Comunidade Estados Unidos

Brasileiros nos EUA: entre o ser e não ser latino

A resposta parece simples, mas para muitos brasileiros nos EUA, ser latino – ou não – pode ser uma questão de identidade, pertencimento e até resistência.

No exterior, o rótulo “latino” pode abrir portas de conexão, mas também escancara diferenças culturais que muitos brasileiros só percebem depois de imigrar. Foto: Wikimedia Commons

Quem é brasileiro morando nos Estados Unidos com certeza já preencheu algum formulário que pergunta sua etnia, origem ou se é latino. No Census, por exemplo, “latino” é uma categoria oficial, mas muitos brasileiros ficam em dúvida se devem ou não se identificar assim. Isso porque, apesar de o Brasil ser parte da América Latina, a identificação com o termo “latino” ainda é controversa entre os próprios brasileiros.

Uma pesquisa conduzida pela USP mostra que só cerca de 4% dos brasileiros se reconhecem como latino-americanos, dado que revela um distanciamento simbólico do país em relação à sua própria região. Essa distância não é só uma questão de números: reflete fatores culturais, históricos e educacionais que moldam como os brasileiros se veem no mundo e no contexto latino-americano.

Para brasileiros nos EUA, a questão ganha uma dimensão ainda maior. Muitos enfrentam o desafio de serem agrupados como “hispânicos” ou “latinos” em estatísticas e políticas públicas americanas, mesmo quando não se identificam com esses termos. O Census Bureau, por exemplo, historicamente não classifica brasileiros como latinos, pois a categoria costuma ser reservada a pessoas de origem hispânica, ou seja, de países de língua espanhola.

Essa distinção tem impactos reais na comunidade brasileira nos Estados Unidos. Além de influenciar dados oficiais, ela afeta a forma como brasileiros acessam serviços, oportunidades e redes de apoio que são direcionadas para “latinos”. Por isso, analisar esse distanciamento simbólico ajuda a explicar parte da complexidade da identidade brasileira no exterior.

Adriana Medeiros, que mora em Los Angeles desde 2017, conta que nunca tinha refletido sobre o tema no Brasil. “Passei a me identificar como latina só aqui. E isso me trouxe um senso de pertencimento”, afirma.
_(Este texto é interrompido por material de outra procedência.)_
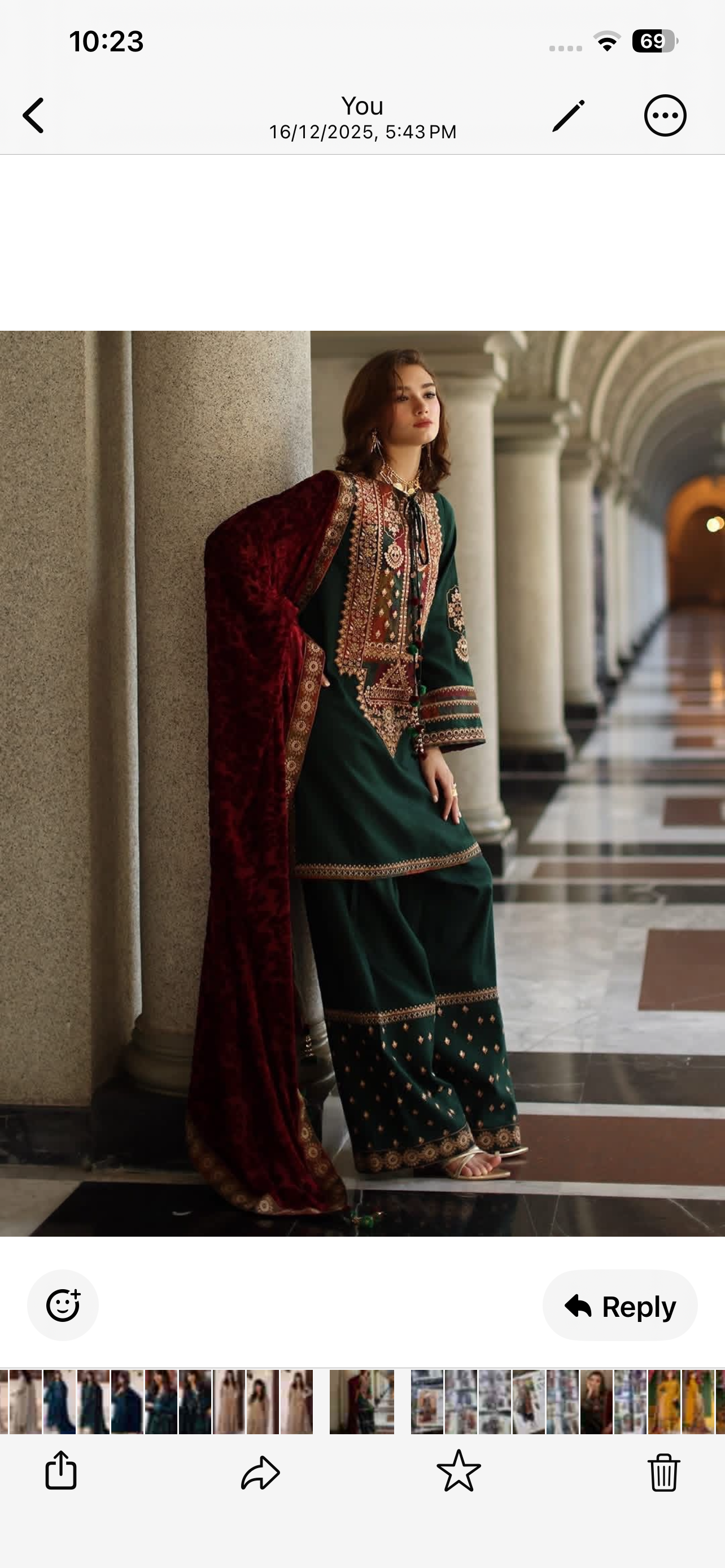 Sapphire 0U2TESL25V02 2 Piece Embroidered Silk Suit Silk Eid 1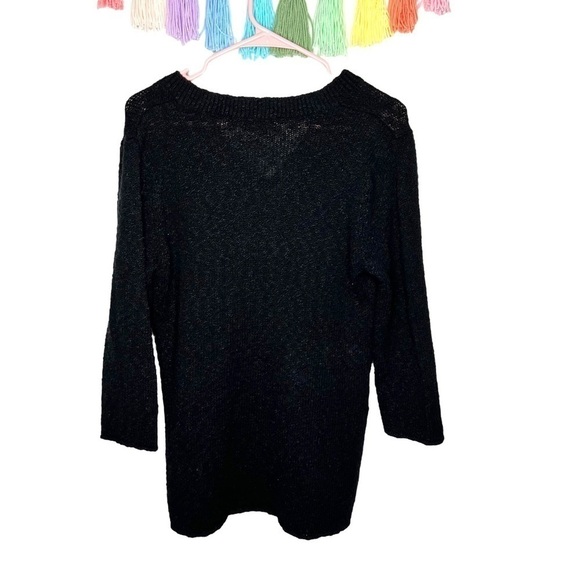 Tommy Bahama Black Knitted 3/4 Sleeve Pull On V-Neck Sweater Size Medium - Picture 5 of 13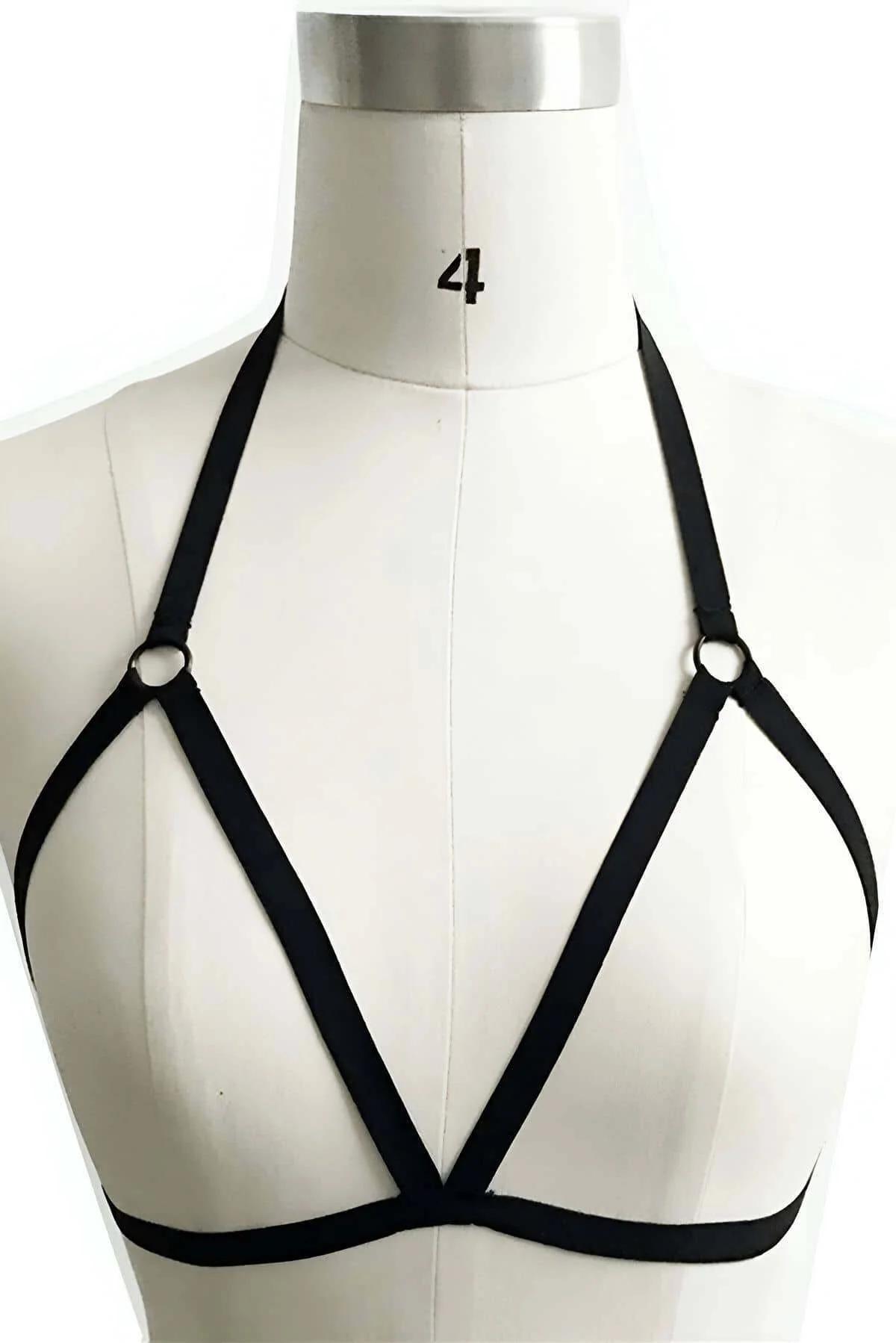 Strappy Chest Harness with O-Ring Detail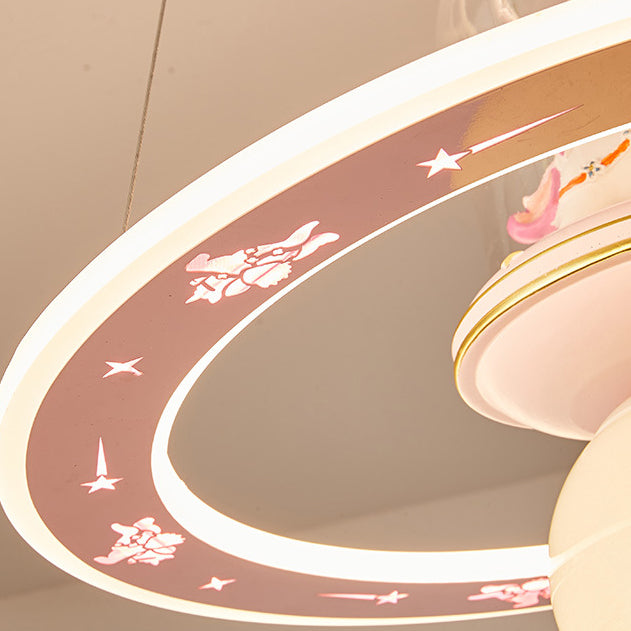 Contemporary Creative Disc Kids Cartoon Unicorn Orb Acrylic Iron Resin LED Chandelier For Bedroom
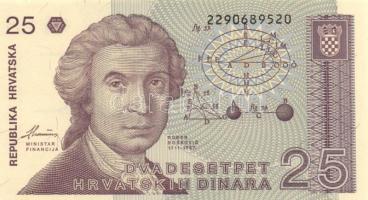 Horvátország 1991-93. 1D (2x) + 5D (2x) + 10D (2x) + 25D (2x) + 100D (2x) + 100.000D (2x) + 5K (2x) ...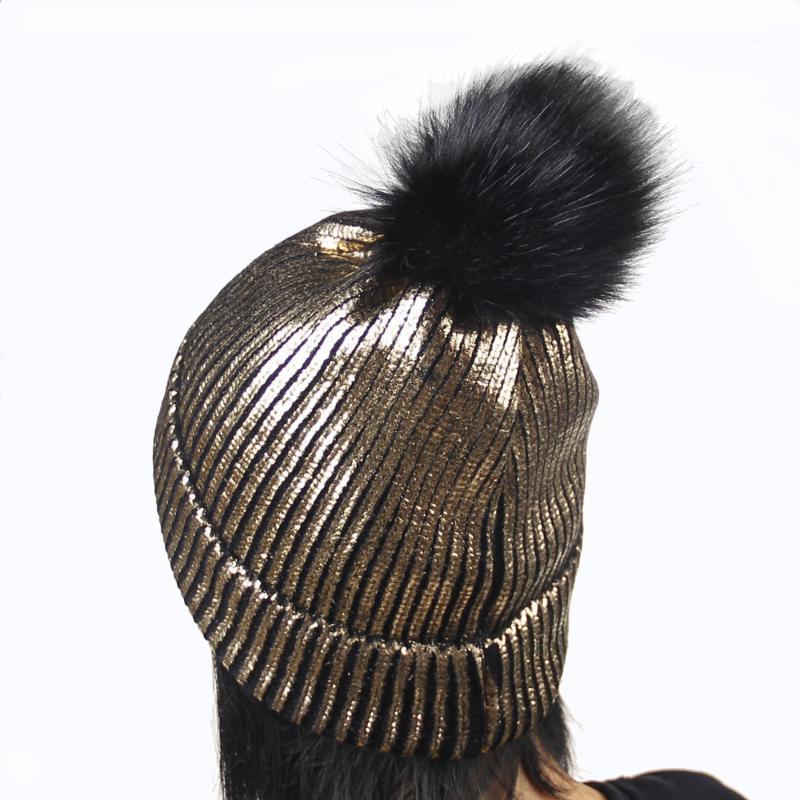 Winter Knitting Hats Female Shining Warm Skullies Beanies Bronzing Gold and Silver With Caps Raccoon Fur pompon Hat for Women1
Winter Knitting Hats Female Shining Warm Skullies Beanies Bronzing Gold and Silver With Caps Raccoon Fur pompon Hat for Women1
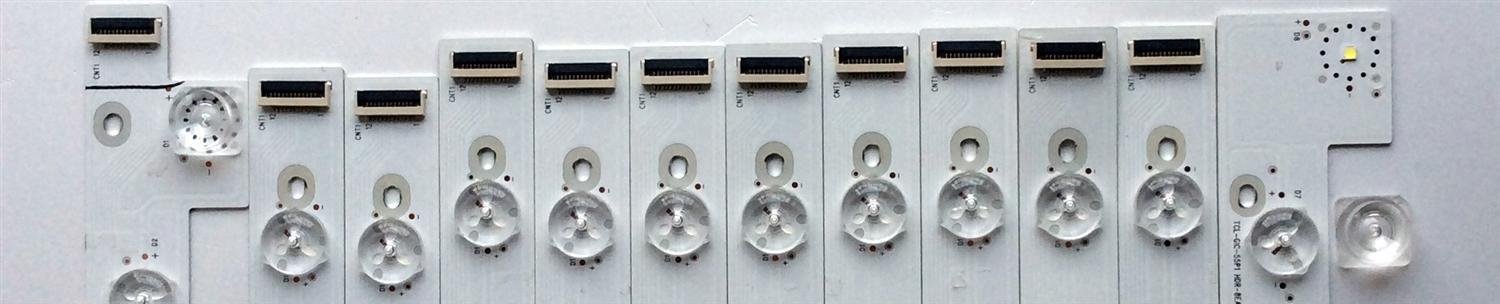 KIT DE LED´S PARA TV (12 PIEZAS) / TCL 006-P1K3525B / TCL-GIC-55P1 / YHA-4C-LB5506-YH06J / YHB-4C-LB5508-YH02J / HDR-6x10-3030-LX20170324 Ver.8 / PANEL LVU550ND1L / MODELO 55P605 - Imagen 2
Já Thiago dos Santos, que estuda em San Diego, compartilha uma visão distinta: “A verdade é que a própria comunidade latina não me reconhece como um. E eu não falo nada de espanhol”, diz. Para ele, a identidade de “latino” nos EUA ainda está muito atrelada à língua e à cultura hispânica, o que deixa muitos brasileiros em um espaço de “quase pertencimento”.

Além do aspecto linguístico, a própria formação cultural e educacional no Brasil reforça esse distanciamento. Pesquisas recentes mostram que muitos brasileiros têm pouco contato com a cultura latino-americana, o que contribui para uma percepção de que o Brasil é diferente, separado dos demais países da região. Estereótipos e reducionismos também reforçam essa ideia, criando barreiras para uma identificação mais forte com a América Latina.

No fim, a identidade do brasileiro no exterior é marcada por essa dualidade entre pertencimento e distinção. Mesmo fazendo parte geograficamente da América Latina, muitos brasileiros se veem como únicos, uma característica que acompanha a experiência migratória e que influencia como eles se posicionam diante das categorias e políticas nos EUA.

Entender esse cenário é fundamental para construir diálogos e políticas mais inclusivas e que reflitam a diversidade real da comunidade brasileira fora do Brasil.